[Dataset content — start]
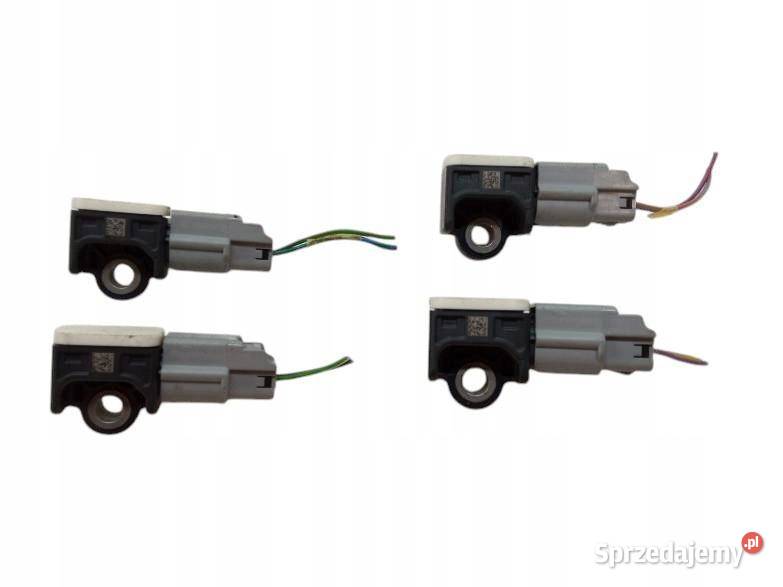 CZUJNIK SENSOR UDERZENIOWY KPL 4 31334336 Volvo sprzedam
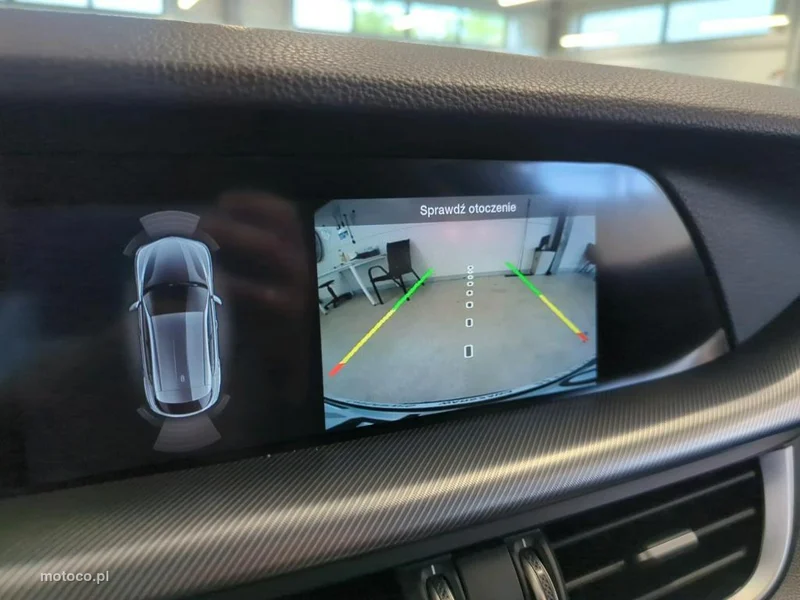 Alfa Romeo Stelvio 9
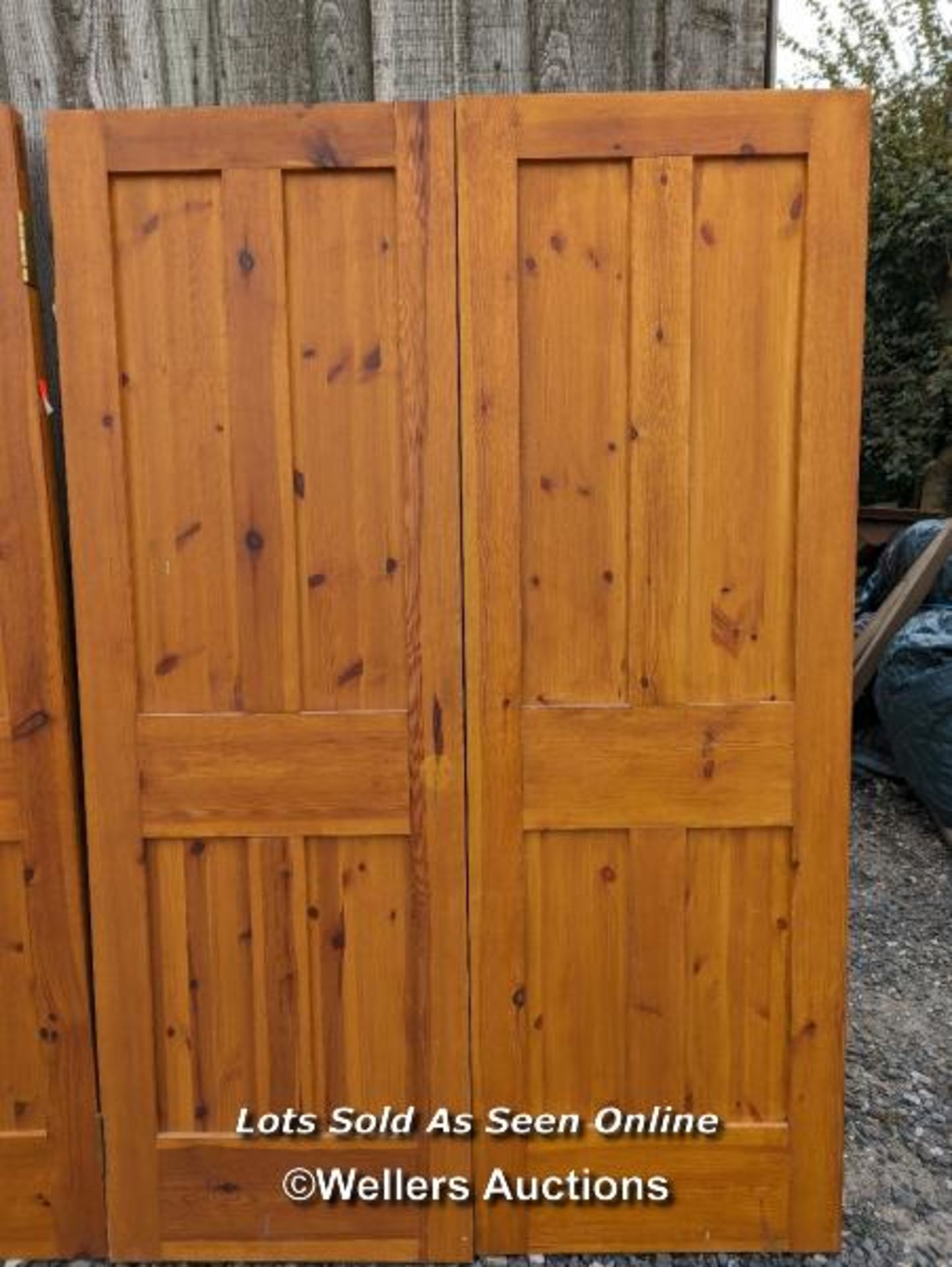 4 matching pine four panel doors, morticed and tenoned construction. Each door 61cm x 183cm x 4cm. - Bild 3 aus 5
[Dataset content — finish]
> **Requirement**
Every line from the one containing "Alfa Romeo Stelvio 9" through the last line of the data, both included, is to be repeated exactly; the pictures are to be left out.

> **Result for this exercise**
 Alfa Romeo Stelvio 9
 4 matching pine four panel doors, morticed and tenoned construction. Each door 61cm x 183cm x 4cm. - Bild 3 aus 5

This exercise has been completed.